◆ INPUT DATA:
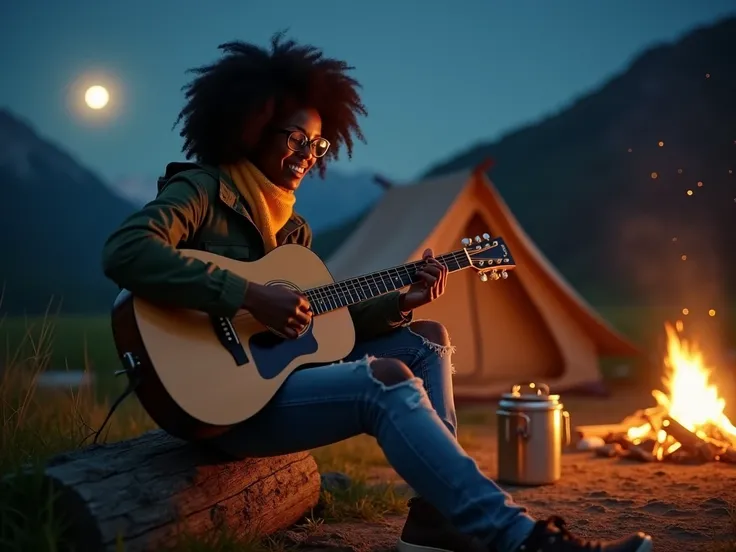 Create a very detailed cinematic photo of an 18 year old African girl sitting on a log near the fireplace, playing a acoustic guitar, smile, her hair is frizzy curls, beautiful detailed eyes, beautiful detailed lips, extremely detailed face, warm lighting,...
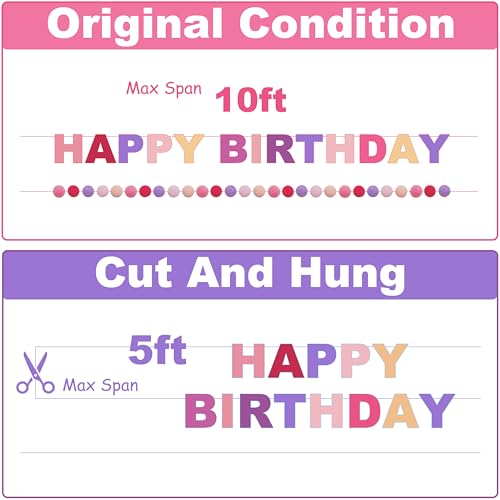 Image of 2 PCS Pre-Strung 3D Felt Happy Birthday Banner - Reusable Happy Birthday Decorations Sign, Felt Ball Garland, Pom Pom Garland, Party Decor, Photo Prop(pink & purple)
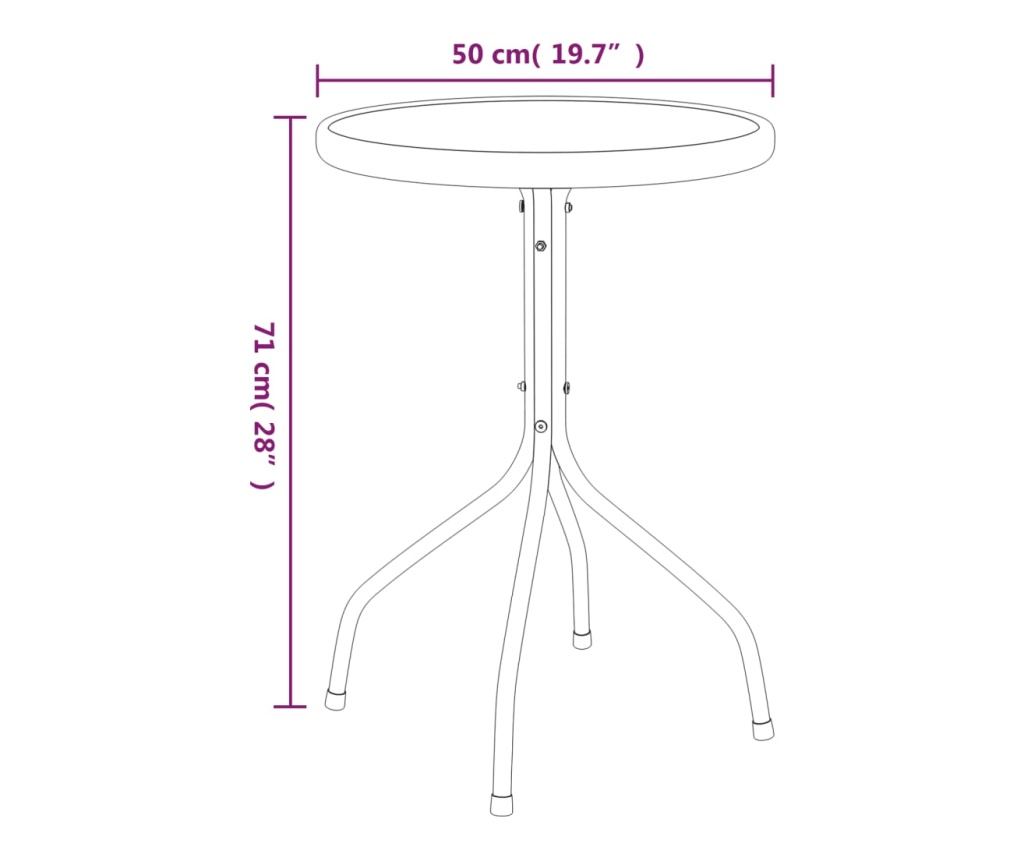 Градински комплект мебели, 3 части, Черен, Стомана - 11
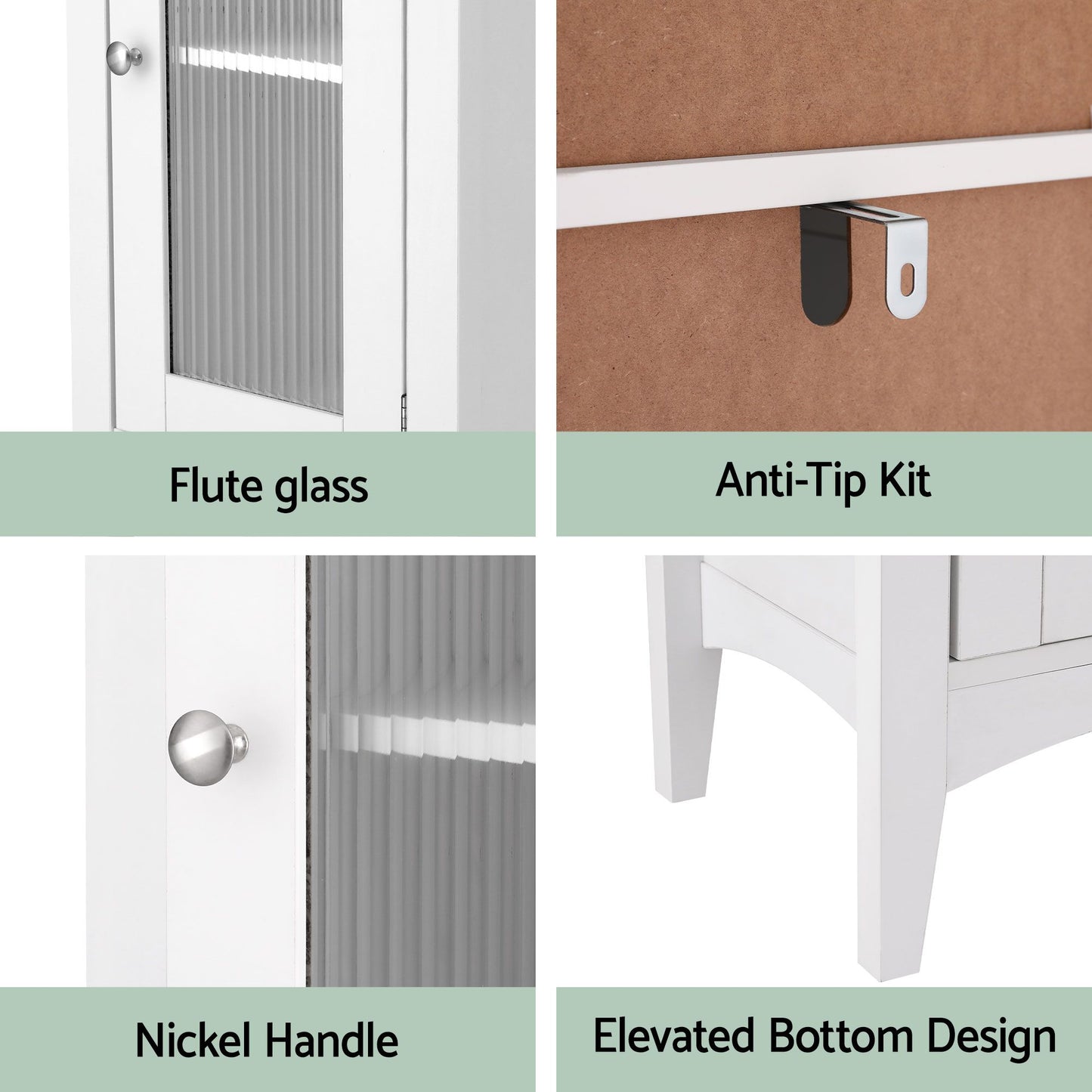 Set of 2 Bathroom Storage Cabinet 160cm Tall Slim Floor Cupboard Toilet Glass Door White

◆ WHAT YOU ARE ASKED TO DO:
With the pictures left out, give again exactly the lines from the one that contains "Градински комплект мебели, 3" through the final line of the data above.

◆ RESULT:
 Градински комплект мебели, 3 части, Черен, Стомана - 11
 Set of 2 Bathroom Storage Cabinet 160cm Tall Slim Floor Cupboard Toilet Glass Door White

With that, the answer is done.